Alphabet earnings show Google Cloud on $10B run rate
Today after the bell, Alphabet reported its fourth-quarter and full-year financial results. The company’s revenue grew from $39.3 billion in 2018 to $46.1 billion in 2019. The firm’s net income also expanded from $8.9 billion to $10.7 billion over the same time frame.
The figures, when compared to expectations, were mixed. Alphabet beat analyst estimates on profit, but missed on revenue. Shares of the company are off around 4% in after-hours trading, following its disclosure.
Why do we care?
The company’s reported Q4 and full-year 2019 results are notable for several reasons. First, Alphabet broke out the value of YouTube’s advertising empire. And, the company disclosed discrete “Google Cloud” revenues. Both are new.

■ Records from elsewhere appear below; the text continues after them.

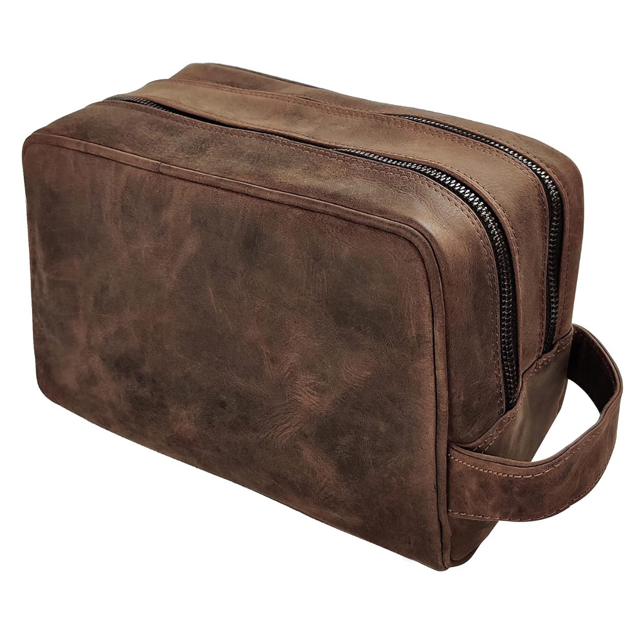 Leather Toiletry Bag For Men & Women - Multifunctional Travel Organizer, Shaving Kit, Makeup Kit, Cosmetic Pouch - Travel Toiletries Gifts For Men
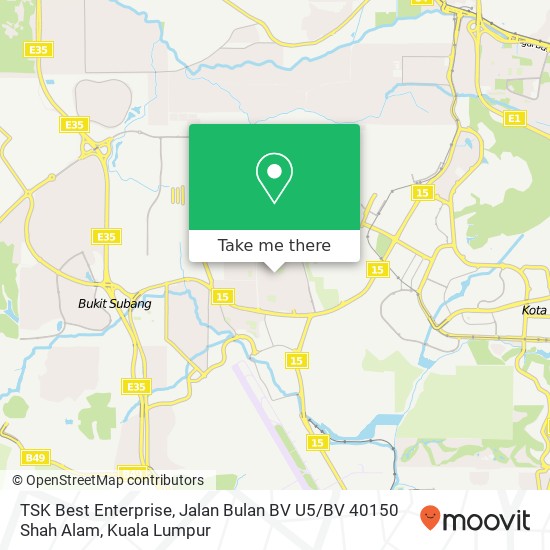 TSK Best Enterprise, Jalan Bulan BV U5 / BV 40150 Shah Alam map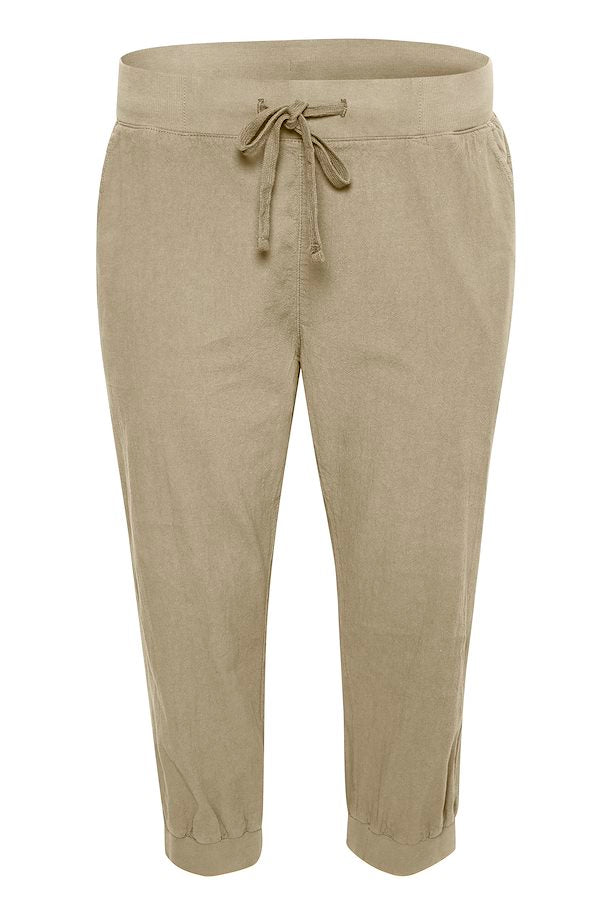 Kaffe Curve Capri Joggers in Sand - Wardrobe Plus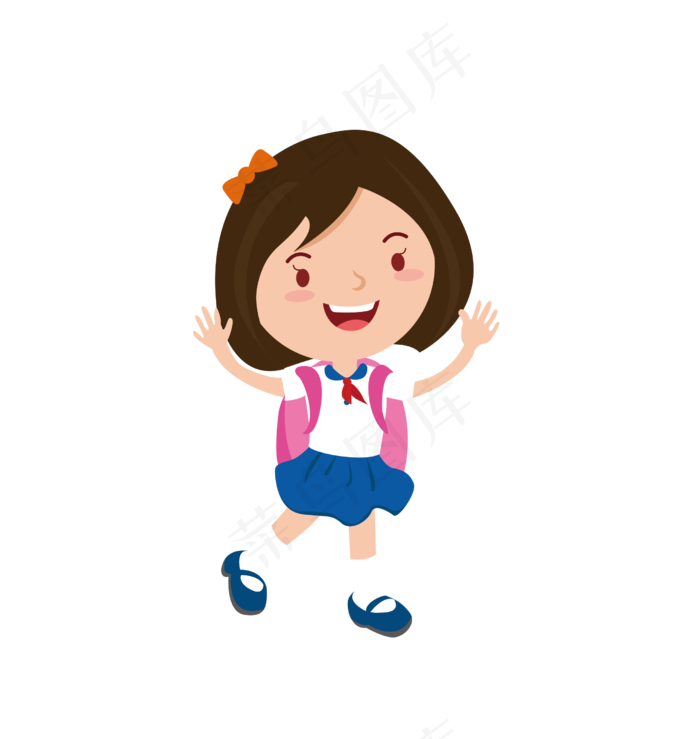 带红领巾的小女学生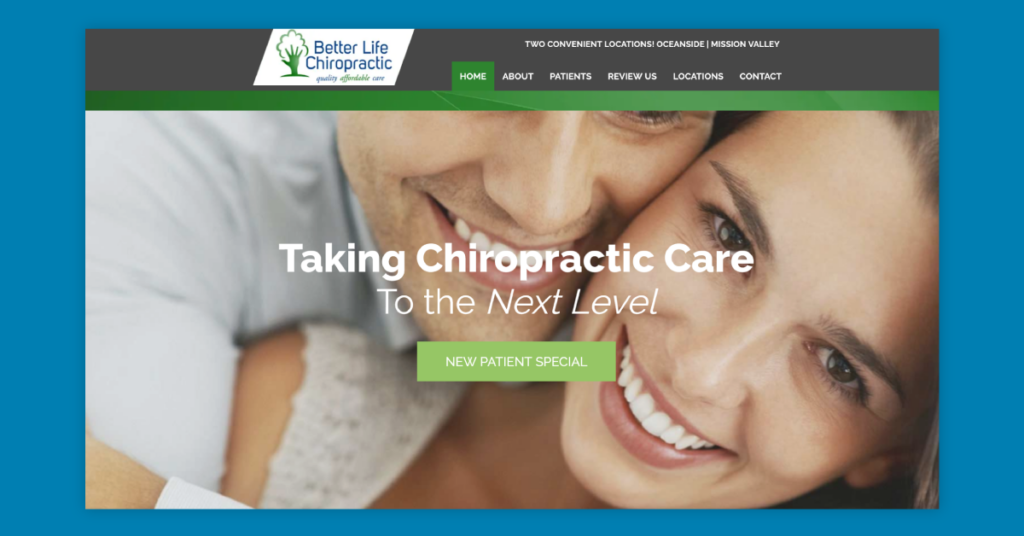 homepage to a chiropractic website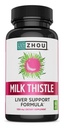 Zhou Milk Thistle - Lever Health Supplement, Silymarin Milk Thistle ekstrakt & pulver til mænd & kvinder, Urte Cleanse Support, Metabolic Health - 60 vegetariske kapsler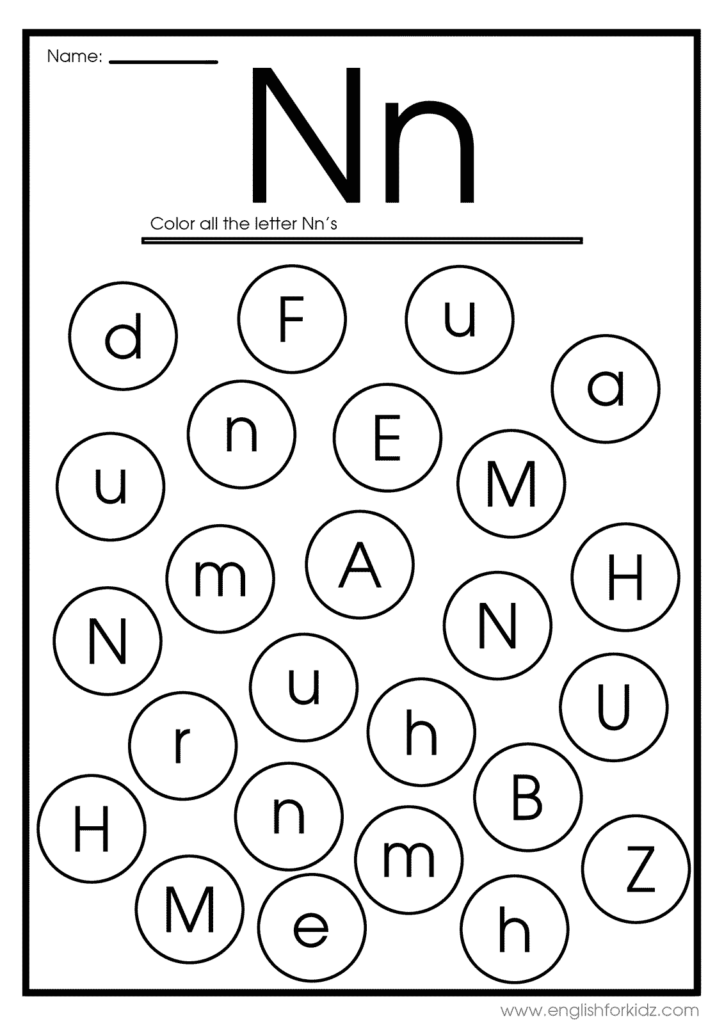 Preschool Worksheets Letter N Worksheets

YouTube’s advertising heft was made clear today, with the video platform bringing in $15.1 billion in 2019 revenue, up from $11.2 billion in 2018.
The firm’s new “Google Cloud” line item appears to include all of the company’s cloud computing efforts. YouTube’s advertising haul will grab the most headlines, but the cloud revenue figure is what we’d like to drill into.
Cloud, Google-style
Google announced an impressive $2.6 billion round for all cloud revenue, which includes G Suite, the enterprise version of GMail/Docs/Drive/Hangouts and Google’s cloud infrastructure revenue. At $2.61 billion, that puts it on a run rate over $10 billion. In the year-ago Q4, the company’s Cloud revenue came to just $1.71 billion, a run rate of $6.84 billion.